ASSIGNMENT: Skip the images and copy each record exactly as written.

Pictures with short captions

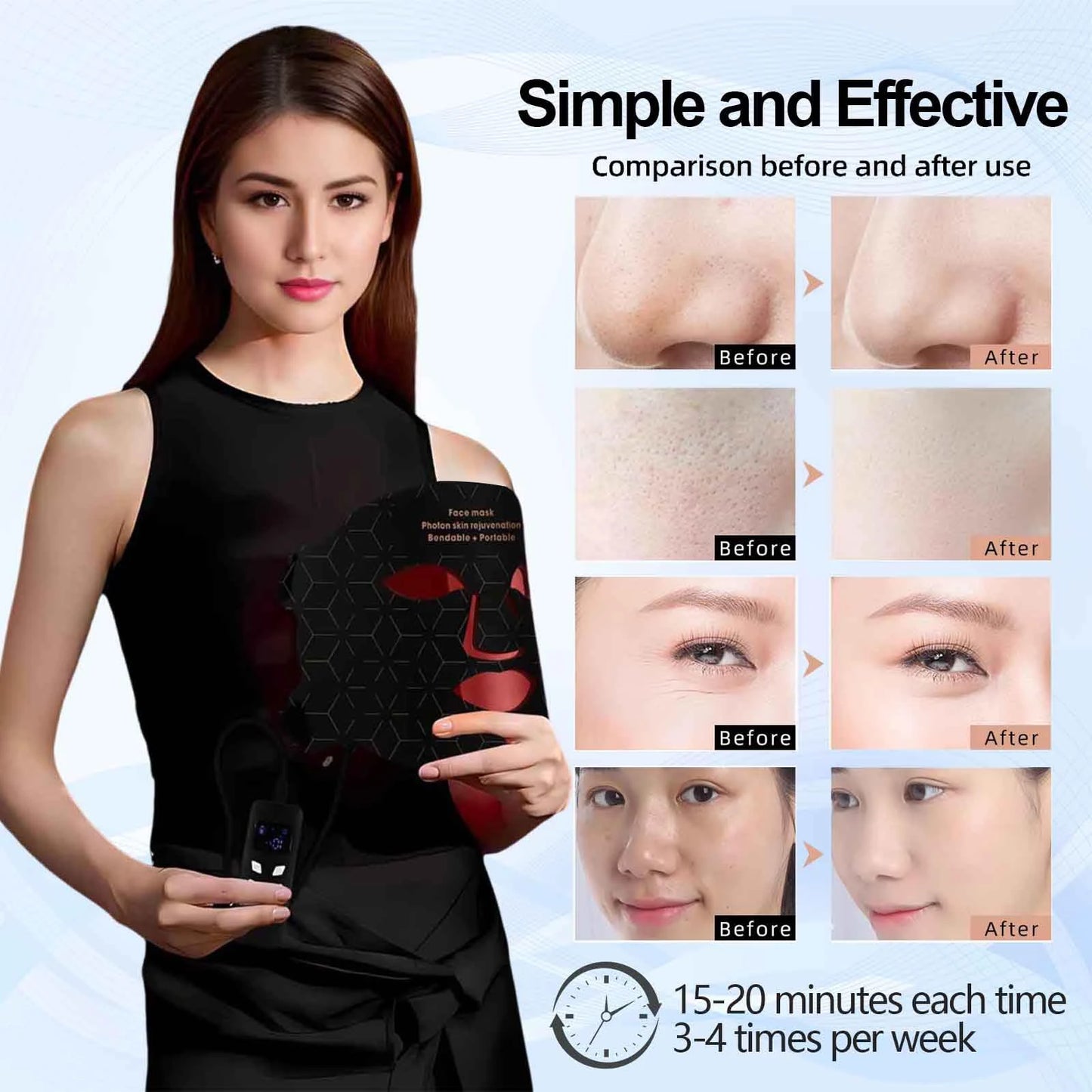 UBilli Red Light Therapy Face Mask With Four Modes Wrinkles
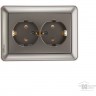 Розетка двойная SCHNEIDER ELECTRIC W59 с заземлением со шторками, 16А, в сборе, шампань RS16-255-48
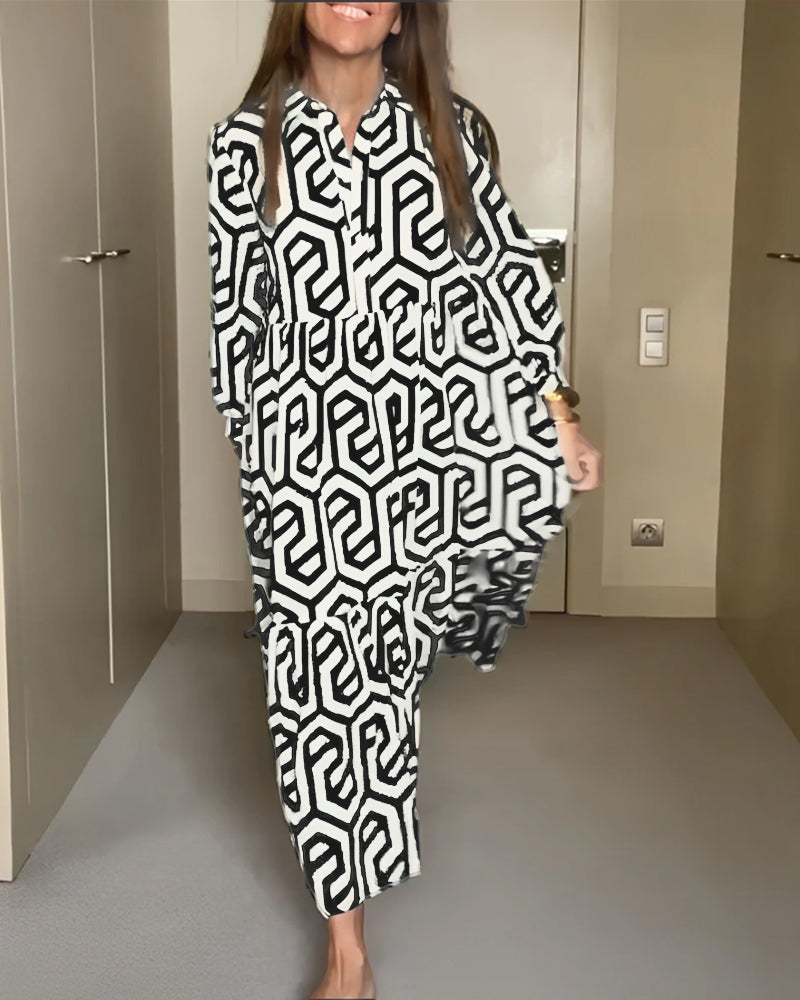 Heidi-Mode | Lässiges Maxi-Kleid Mit Langen Ärmeln Und Druck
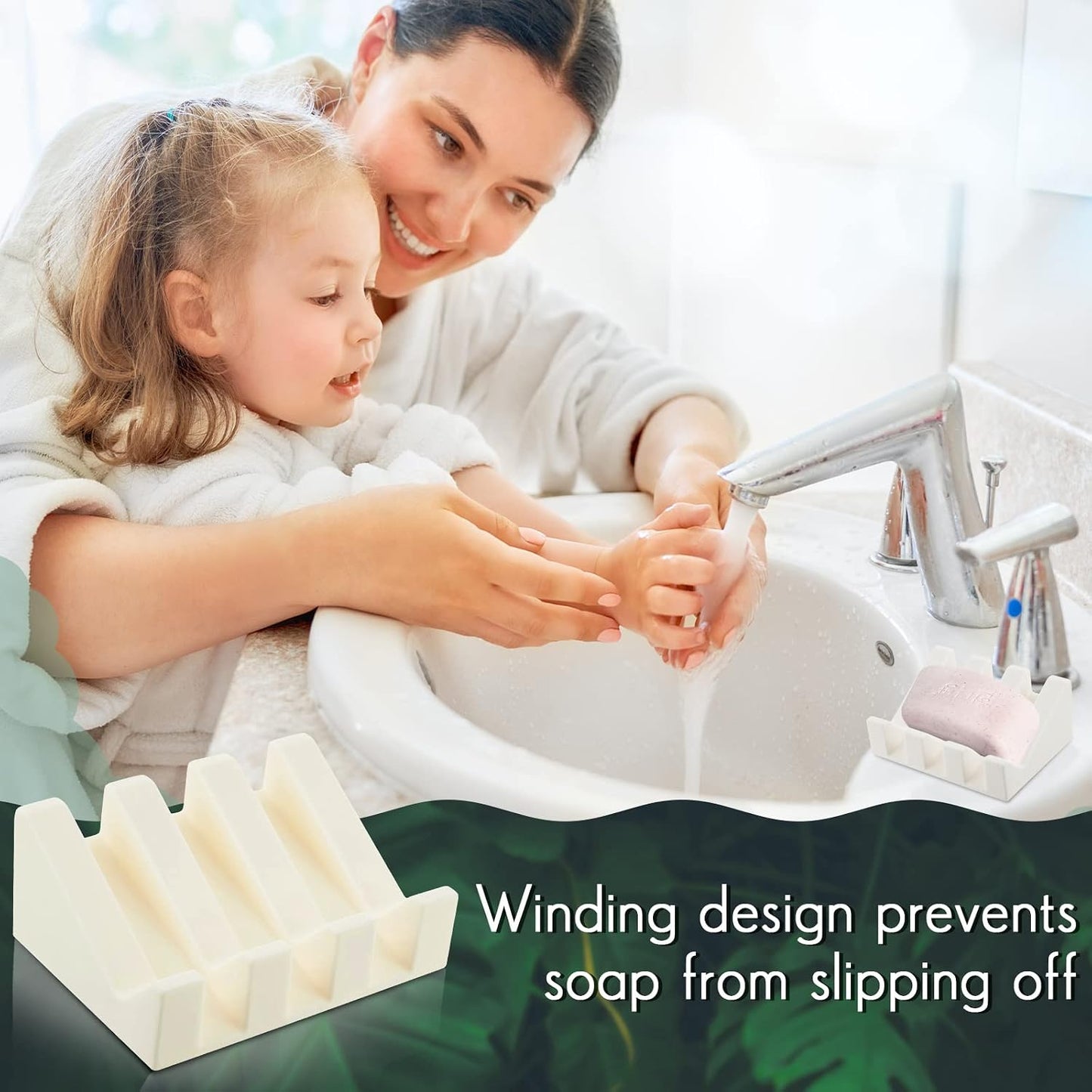 Cunhill 2 Pieces Silicone Soap Dish Self Draining Soap Dish Shower Waterfall Bar Soap Holder Tray with Drain Soap Saver for Kitchen Bathroom Accessories (Black)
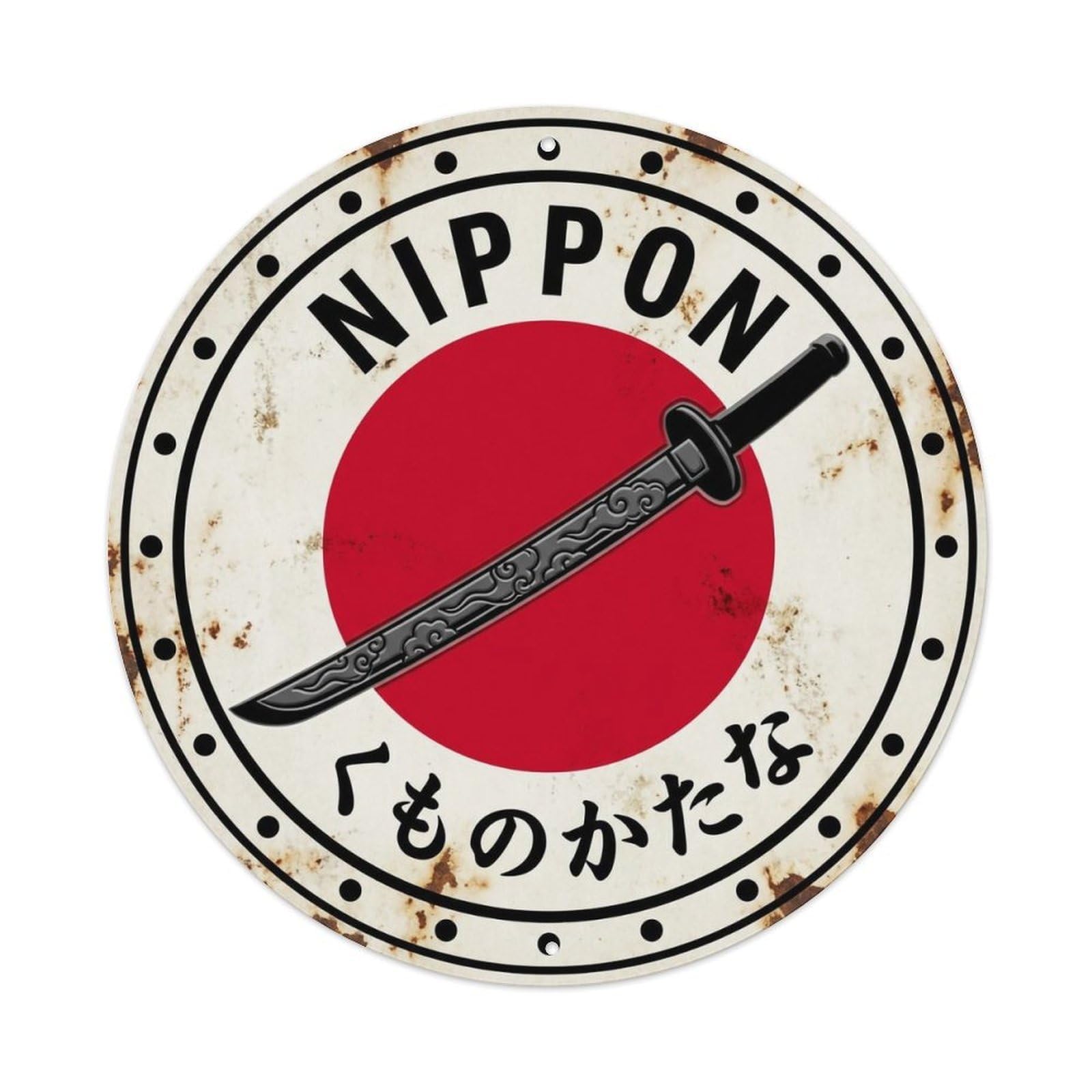 Cloud Sword Nippon Blade Weapon Aged Metal Tin Sign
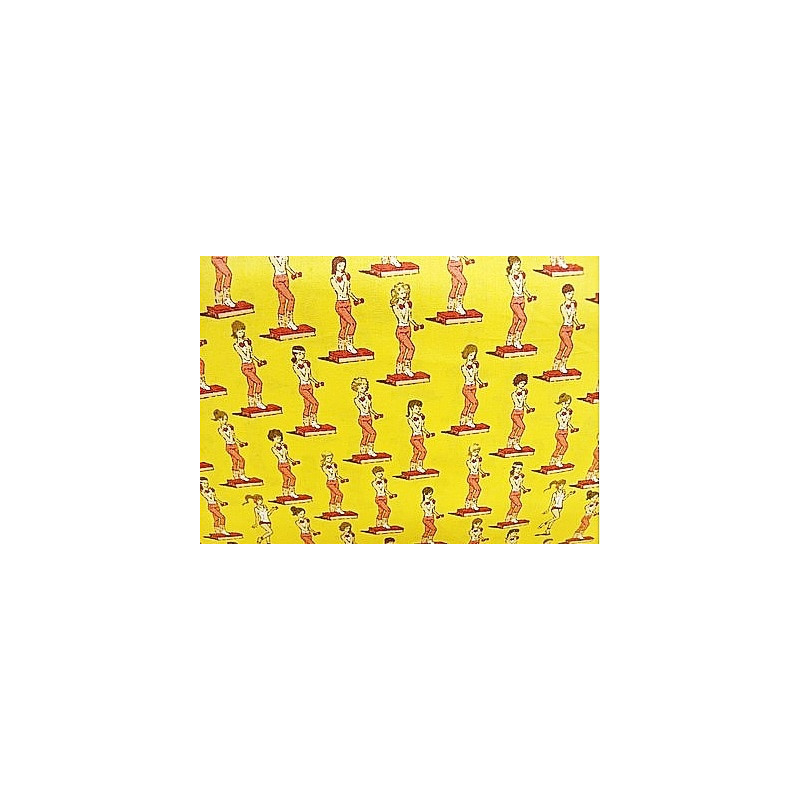 tissu coton imprimé FILLETTE SPORTIVE jaune et rouge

COMPLETED EXERCISE:
 UBilli Red Light Therapy Face Mask With Four Modes Wrinkles
 Розетка двойная SCHNEIDER ELECTRIC W59 с заземлением со шторками, 16А, в сборе, шампань RS16-255-48
 Heidi-Mode | Lässiges Maxi-Kleid Mit Langen Ärmeln Und Druck
 Cunhill 2 Pieces Silicone Soap Dish Self Draining Soap Dish Shower Waterfall Bar Soap Holder Tray with Drain Soap Saver for Kitchen Bathroom Accessories (Black)
 Cloud Sword Nippon Blade Weapon Aged Metal Tin Sign
 tissu coton imprimé FILLETTE SPORTIVE jaune et rouge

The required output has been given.